«Его преосвященству, несравненному президенту нашей Академии:
Сегодня состоялось печальное, но торжественное заседание нашей всемирно известной Академии. Оставленное для Вас место так и осталось незанятым, но оно всегда Вас ждет. Да, ждет, ждет Вашего приезда. Габихт.
И я, некогда член славной Академии, с великим трудом сдерживаю слезы при виде пустующего кресла, которое Вам надлежало бы занять. И мне остается лишь выразить Вам свое глубочайшее почтение, величайшую признательность и самые сердечные пожелания. М. Соловин».
Несмотря на плохое самочувствие, Эйнштейн не утратил остроумия. С шутливой торжественностью, плохо скрывающей его собственную ностальгию, 3 апреля 1953 г. он написал в ответ:
«Бессмертной „Академии Олимпия“!
В течение всего своего непродолжительного активного существования ты с детской радостью наслаждалась всем, что было ясно и разумно. Твои члены создали тебя для того, чтобы посмеяться над твоими более важными, старыми и чванливыми сестрами. Насколько им это удалось, я вполне могу судить по собственным тщательным и многолетним наблюдениям.
Мы, все три твоих члена, оказались долговечными. Хотя сейчас мы уже немного одряхлели, но твой чистый и живительный свет все еще сияет для нас и служит нам путеводной звездой, ибо ты нисколько не постарела и не поникла, как выросший среди бурьяна росток салата.
До последнего высокоученого вздоха я останусь верным и преданным тебе!
А.Э. — твой ныне всего лишь член-корреспондент».
Годы неумолимо брали свое. Еще в январе 1951 г. Эйнштейн писал бельгийской королеве-матери:
«Велико мое желание вновь увидеть Брюссель, но, скорее всего, такой возможности мне уже больше не представится. Из-за моей специфической популярности кажется, что все, что я ни делаю, превращается в нелепую комедию, это вынуждает меня держаться поближе к дому и редко покидать Принстон.
Я больше не играю на скрипке. С годами мне становится все более невыносимым слушать собственную игру. Надеюсь, Вас не постигла та же участь. Что еще остается мне — это бесконечная работа над сложными научными проблемами. Волшебное очарование этой работы останется со мной до последнего вздоха».
Через полтора года, 6 июня 1952 г., он писал:
«Что же касается моей работы, то она уже не дает больших результатов».
В 1954 г. он написал бельгийской королеве-матери:
«Я стал enfant terrible [45] Enfant terrible (фр.) — «ужасный ребенок» (досл.). Применяется, в частности, к человеку, смущающему окружающих своей прямотой, необычностью взглядов, излишней откровенностью и т. п. — Прим. перев.
на моей новой родине, потому что не могу держать язык за зубами и принимать все, что здесь происходит».
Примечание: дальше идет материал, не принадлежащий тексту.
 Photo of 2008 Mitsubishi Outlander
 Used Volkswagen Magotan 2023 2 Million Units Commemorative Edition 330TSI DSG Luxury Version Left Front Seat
Это произошло отчасти потому, что сенатор Джозеф Маккарти (его деятельность сенат США впоследствии осудил) клеймил людей и обвинял их в ведении подрывной деятельности. Эти обвинения вместе с громогласными демагогическими изобличениями «коммунистов» заставляли многих дороживших своей карьерой политических деятелей — в том числе и людей неробкого десятка — смириться и проявить мягкотелость.
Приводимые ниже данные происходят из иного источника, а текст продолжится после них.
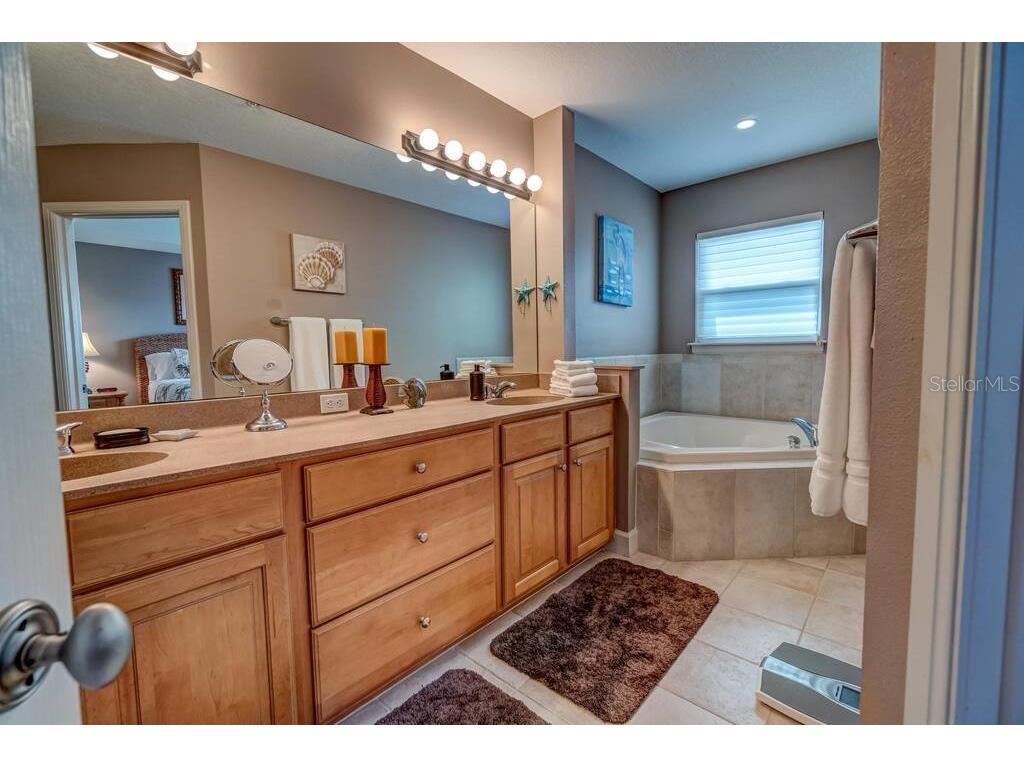 241 17th Street N Bradenton Beach FL 34217 C7523779 image22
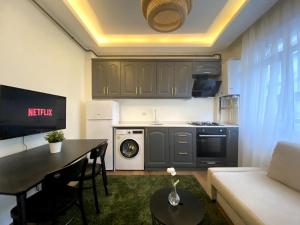 Kuchyň nebo kuchyňský kout v ubytování Cosy mini flat in Fatih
В атмосфере маккартистской лихорадки Эйнштейн смело выступал против угроз интеллектуальной свободе. Он и сам подвергался яростным нападкам со стороны некоторых американцев из-за того, что поддерживал непопулярные в то время начинания. Когда Инфельд, не принимавший никакого участия в создании атомной бомбы, принял предложение занять место профессора на своей родине, в Польше, в прессе началась истерика: мол, Инфельд так или иначе раскроет «коммунистам» какие-то секреты, связанные с производством атомного оружия. Неоднократно исказившись и без того в искаженном воображении обывателей, вся эта кампания дискредитировала в какой-то мере и Эйнштейна.
В атмосфере страха и подавления свободомыслия, царивших в Америке в эру маккартизма, некий учитель, попавший в лапы сенатской Комиссии по расследованию антиамериканской деятельности, обратился за поддержкой к Эйнштейну. И 16 мая 1953 г. больной Эйнштейн написал ему получившие широкий резонанс слова:
«Проблема, вставшая перед интеллигенцией этой страны, весьма серьезна. Реакционные политики посеяли подозрения по отношению к интеллектуальной активности, запугав публику внешней опасностью. Преуспев в этом, они подавляют свободу преподавания, увольняют непокорных, обрекая их на голод. Что должна делать интеллигенция, столкнувшись с этим злом? По правде, я вижу только один путь — революционный путь неповиновения в духе Ганди. Каждый интеллигент, вызванный в одну из комиссий, должен отказаться от показаний и быть готовым к тюрьме и нищете. Короче, он должен жертвовать своим благополучием в интересах страны.